En los años 80, Karl Lagerfeld decide que cada temporada empleará su creatividad en inventar una pequeña colección viajera: la estación Grand Central de Nueva York, el aeropuerto de Santa Mónica en Los Ángeles, la piscina del Raleigh en Miami, la playa del Lido en Venecia, el café Chez Sénéquier de Saint-Tropez, el Eden Rock en Cap d’Antibes, el Bosquecillo de las Tres Fuentes en los jardines del Palacio de Versalles o Loewen Cluster en la colina de Dempsey en Singapur fueron algunos de los destinos que eligió para presentar su desfiles crucero.

Pero la moda se empeña en recuperar su mística. Aún recordamos el desfile de Vuitton de 2012, firmado por Marc Jacobs: qué imagen tan poderosa la de una locomotora humeante entrando dentro del Louvre, transportando a las modelos, que parecían llegar del pasado y del futuro. Bajaban al andén como las damas del siglo pasado, enfundadas en unas siluetas que emanaban el glamour de una vida sobre ruedas. El viaje como inspiración ha sido una constante. Dior también ha celebrado sus desfiles crucero alrededor del mundo, viajando a Shanghai, Nueva York, Mónaco , Blenheim, un palacio del siglo XVIII al noroeste de Londres o Marrakech.Hoy, en los aeropuertos y los cruceros contemporáneos, la mística del viajero se ha convertido en prosa barata. Mucho tuvo que ver la aeronáutica, y no me refiero a aquellos aparatos de hélices que pilotaba la gran Amelia Earhart.
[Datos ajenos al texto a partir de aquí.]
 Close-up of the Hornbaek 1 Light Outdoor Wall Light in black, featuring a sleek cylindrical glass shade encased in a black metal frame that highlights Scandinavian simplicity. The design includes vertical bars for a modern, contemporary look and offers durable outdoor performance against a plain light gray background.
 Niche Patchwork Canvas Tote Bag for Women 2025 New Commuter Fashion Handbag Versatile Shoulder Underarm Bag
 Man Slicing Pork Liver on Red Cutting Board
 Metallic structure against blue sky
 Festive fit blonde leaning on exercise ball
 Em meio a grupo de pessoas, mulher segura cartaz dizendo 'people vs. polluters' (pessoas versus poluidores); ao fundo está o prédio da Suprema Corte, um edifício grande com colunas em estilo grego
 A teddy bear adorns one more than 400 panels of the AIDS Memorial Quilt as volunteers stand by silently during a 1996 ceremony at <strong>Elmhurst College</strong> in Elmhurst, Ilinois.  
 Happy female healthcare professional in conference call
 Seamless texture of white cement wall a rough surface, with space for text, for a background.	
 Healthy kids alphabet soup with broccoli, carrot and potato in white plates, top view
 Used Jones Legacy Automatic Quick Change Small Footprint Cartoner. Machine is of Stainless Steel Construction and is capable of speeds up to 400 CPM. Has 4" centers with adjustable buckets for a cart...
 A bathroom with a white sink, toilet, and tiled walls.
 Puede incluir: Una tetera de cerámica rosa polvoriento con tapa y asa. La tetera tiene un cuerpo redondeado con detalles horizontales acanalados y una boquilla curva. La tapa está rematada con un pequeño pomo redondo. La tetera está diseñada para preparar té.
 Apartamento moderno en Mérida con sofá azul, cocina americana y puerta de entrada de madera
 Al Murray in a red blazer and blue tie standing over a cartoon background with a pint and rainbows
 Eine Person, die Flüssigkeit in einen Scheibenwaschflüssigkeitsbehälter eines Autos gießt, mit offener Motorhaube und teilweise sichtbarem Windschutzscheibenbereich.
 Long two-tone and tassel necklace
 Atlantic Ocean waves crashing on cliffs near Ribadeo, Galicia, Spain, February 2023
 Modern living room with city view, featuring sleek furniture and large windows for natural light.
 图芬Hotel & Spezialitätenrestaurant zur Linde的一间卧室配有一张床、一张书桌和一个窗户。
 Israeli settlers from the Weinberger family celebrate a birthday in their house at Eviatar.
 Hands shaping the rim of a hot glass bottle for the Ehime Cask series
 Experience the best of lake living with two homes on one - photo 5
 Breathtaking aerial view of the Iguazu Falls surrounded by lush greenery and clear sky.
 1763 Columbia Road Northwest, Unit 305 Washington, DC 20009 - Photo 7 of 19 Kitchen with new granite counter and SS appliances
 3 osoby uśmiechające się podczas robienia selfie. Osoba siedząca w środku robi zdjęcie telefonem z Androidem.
La búsqueda de rentabilidad por parte de las líneas aéreas obligó a estrechar los asientos, también a tratar como rebaño a los pasajeros, no tanto por mala voluntad como por ausencia de ella. Los aeropuertos fueron creciendo al ritmo del neonomadismo global, funcionalmente asépticos, lejos de humanizar protocolos.

Detalle del desfile de Louis Vuitton organizado por Marc Jacobs en el Louvre.

En esta nueva era de la moda postcovid tan solo Chanel desfiló, esta semana, a través de la pantalla desde Capri. El grupo se mantiene al margen de la reducción de temporadas como han propuesto Armani, Dries van Noten y muchos otros creadores. No en vano, siguen presidiendo el olimpo lujo, por ello defienden la variedad como un exponente del espíritu creativo de la Maison.

El auténtico viaje no es el destino, sino la ruta marcada para conocer un tramo del mundo. “Al fin y al cabo la Tierra está aquí, me pertenece, quiero verla, quiero recorrer desiertos y montañas. La providencia me ha dado unos ojos que quieren ver”, escribía Ella Maillart, una viajera excepcional. Entonces no podíamos imaginar que el uniforme del viajero contemporáneo se parecería más a un gimnasio rebosante de chándales, gorras y chanclas, bien lejos de aquella marca distintiva que convertía a los viajeros en exploradores de sí mismos.